Using multiple cleavage techniques is essential because a single cleavage method may not provide enough information to accurately order the peptide fragments. Different cleavage reagents generate distinct sets of fragments, which can be overlapped to reveal the original protein sequence. This overlapping helps to confirm the order of fragments and ensures a more accurate reconstruction of the protein's primary structure.
How does cyanogen bromide function in protein cleavage?
Cyanogen bromide (CNBr) is a chemical reagent used to cleave proteins at methionine residues. It specifically targets the carboxyl side of methionine, breaking the peptide bond and generating smaller peptide fragments. This specificity makes CNBr a valuable tool in protein sequencing, as it allows for predictable and reproducible cleavage patterns.

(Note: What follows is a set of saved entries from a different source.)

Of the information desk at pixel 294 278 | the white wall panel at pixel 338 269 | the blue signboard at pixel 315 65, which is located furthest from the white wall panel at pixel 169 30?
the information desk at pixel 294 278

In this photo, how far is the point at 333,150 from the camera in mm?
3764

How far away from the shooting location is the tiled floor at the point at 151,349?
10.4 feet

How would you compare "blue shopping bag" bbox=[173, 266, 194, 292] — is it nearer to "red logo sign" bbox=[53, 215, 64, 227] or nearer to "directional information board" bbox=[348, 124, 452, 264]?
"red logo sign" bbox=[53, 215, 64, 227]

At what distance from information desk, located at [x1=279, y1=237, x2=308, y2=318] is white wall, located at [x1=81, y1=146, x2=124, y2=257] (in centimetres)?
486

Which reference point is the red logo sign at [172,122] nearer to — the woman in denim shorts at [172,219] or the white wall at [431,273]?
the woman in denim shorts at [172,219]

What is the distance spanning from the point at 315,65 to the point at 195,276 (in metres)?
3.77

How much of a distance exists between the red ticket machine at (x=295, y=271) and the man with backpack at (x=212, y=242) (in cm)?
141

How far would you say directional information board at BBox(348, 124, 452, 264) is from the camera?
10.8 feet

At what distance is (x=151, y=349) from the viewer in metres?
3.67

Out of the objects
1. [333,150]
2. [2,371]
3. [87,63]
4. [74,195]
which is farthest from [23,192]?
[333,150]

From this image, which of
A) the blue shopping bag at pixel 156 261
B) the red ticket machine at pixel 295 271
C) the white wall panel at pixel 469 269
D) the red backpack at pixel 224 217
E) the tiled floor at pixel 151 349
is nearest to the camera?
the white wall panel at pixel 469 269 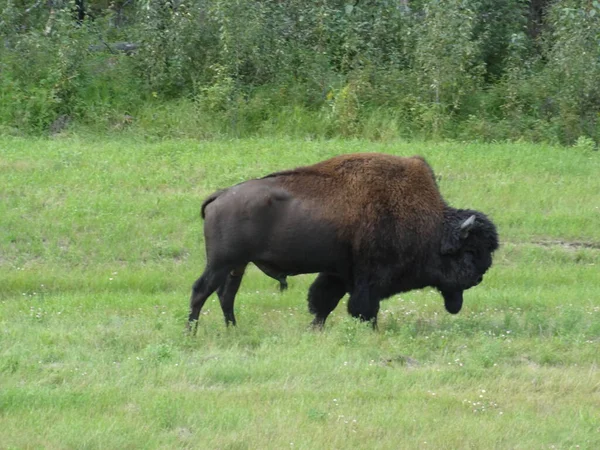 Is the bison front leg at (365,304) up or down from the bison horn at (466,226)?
down

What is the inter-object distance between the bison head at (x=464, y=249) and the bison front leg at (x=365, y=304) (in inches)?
32.9

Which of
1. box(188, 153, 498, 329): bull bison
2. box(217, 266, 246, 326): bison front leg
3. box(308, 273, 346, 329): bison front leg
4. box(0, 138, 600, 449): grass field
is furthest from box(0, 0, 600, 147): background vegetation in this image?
box(217, 266, 246, 326): bison front leg

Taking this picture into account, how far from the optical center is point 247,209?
10602 mm

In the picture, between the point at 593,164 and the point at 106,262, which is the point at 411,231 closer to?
the point at 106,262

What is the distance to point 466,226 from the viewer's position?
11.2 m

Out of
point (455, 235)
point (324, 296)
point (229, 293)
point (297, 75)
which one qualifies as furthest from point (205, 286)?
point (297, 75)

What role does chymotrypsin play in protein sequencing?
Chymotrypsin is a protease enzyme that cleaves peptide bonds on the carboxyl side of aromatic amino acids such as phenylalanine, tyrosine, and tryptophan. In protein sequencing, chymotrypsin is used as a secondary cleavage technique to generate a different set of peptide fragments. These fragments can be overlapped with those generated by other cleavage methods, such as cyanogen bromide, to accurately determine the protein's sequence.
What is the importance of overlapping peptide fragments in protein sequencing?
Overlapping peptide fragments are crucial in protein sequencing because they help to accurately reconstruct the original protein sequence. By aligning fragments generated from different cleavage techniques, researchers can identify overlapping regions, which confirm the order of amino acids. This method ensures that the sequence is determined correctly, even when individual cleavage methods alone are insufficient.